A sprawling piece of land next to the Calumet River in southeast Chicago used to house the steel industry. But the area has been vacant since the steel plants in the area began to close in the 1970s and ’80s—largely because the industry left the ground so contaminated that no developer can afford to clean it up.
A new project aims to bring jobs back to the neighborhood by building down instead of up. The Invert Chicago, “a subsurface real estate complex,” is designed to be built 300 feet below the surface. It avoids disturbing the contaminated soil, and has a second advantage: When you go that deep underground, the ambient temperature is a steady 60 degrees, even in subzero Chicago winters or sweltering summers.
Several developers have tried to make use of the land, which is around 90% the size of Disneyland, in the past.

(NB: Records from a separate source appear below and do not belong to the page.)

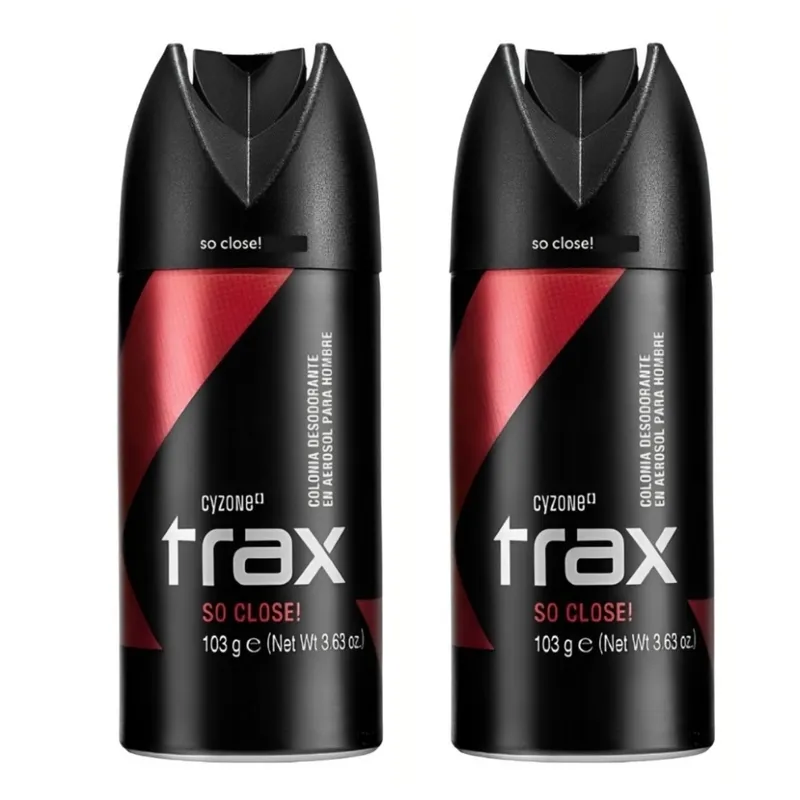 CYZONE - Set x 2 Colonia desodorante Trax cyzone so close!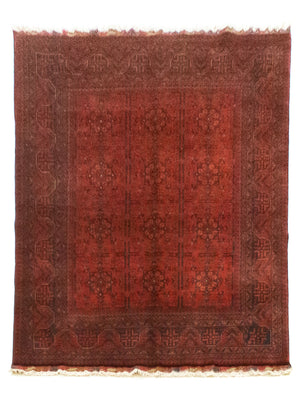 Afghan Teppich - Kunduz 194 x 147 cm - rot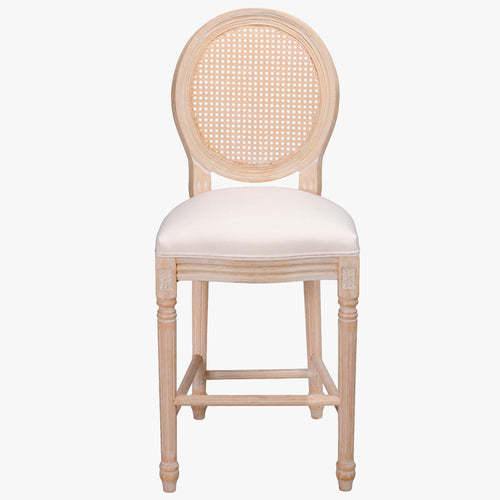 French Country Bar Chairs With Round Back (Set of 2)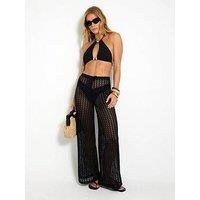 River Island Cut And Sew Jersey Beach Trousers - Black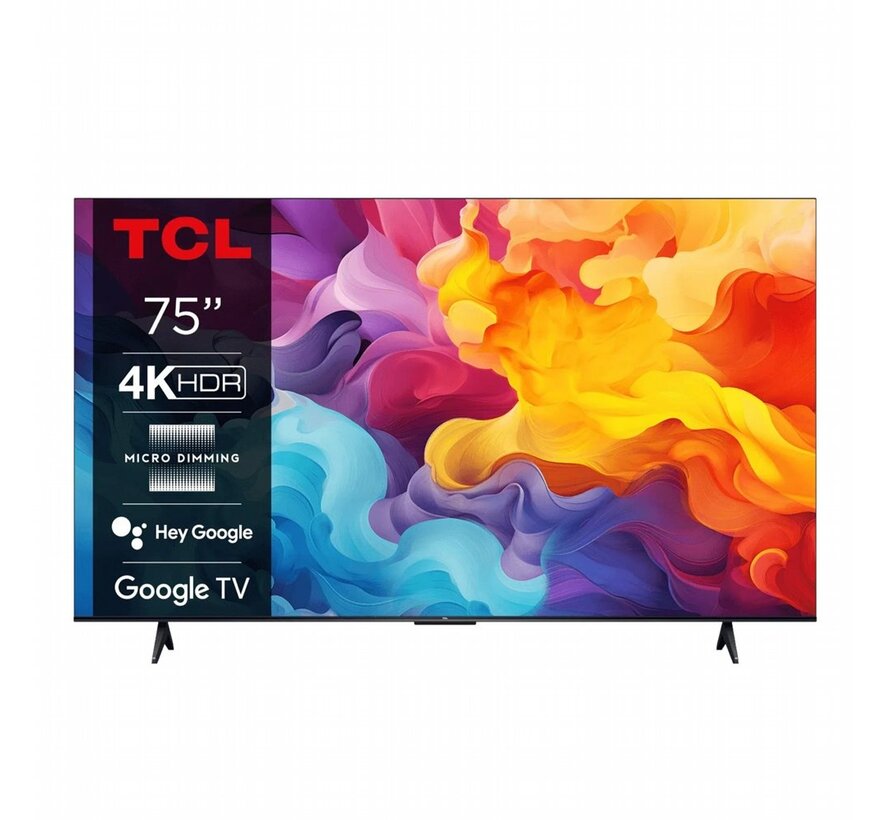 75V6B 75" | 4K Ultra HD LED Smart TV | Google TV + Wifi | HDR10 | 60Hz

But the polluted soil was insurmountable. “There are contaminants in the current soil that go down about 20 to 30 feet, depending where you are,” Yun says. “There are certain hot spots all around there. Most developers have just walked away and said we can’t spend hundreds of millions of dollars just to clean up the site before we start constructing anything new.”
The engineers plan to leave huge, 36-by-36-foot pillars of limestone while the rest of the limestone is extracted and sold. The pillars will support large, cathedral-like spaces that can then be turned into individual buildings with more standard construction. The site may use renewable geothermal energy for heating and cooling, and the company plans to build a large solar field outside to provide electricity, including for LED lights that are carefully designed to mimic natural sunlight for workers underground.
In an economic study, the developers estimate that the project can create thousands of permanent jobs. Some related projects do already exist, including a storage facility carved out of underground rock in Kansas City. The Invert is working with the City of Chicago on entitlements and meeting with community members as it works on the final design. And it’s hoping that the development can help hasten the process of cleaning up the contaminated site on the surface.
“We’re literally creating new taxable property that currently doesn’t exist today,” Yun says. “That’s going to promote the overall value of this property to where years from now, and hopefully sooner than later, we can start addressing some of those concerns on the ground.”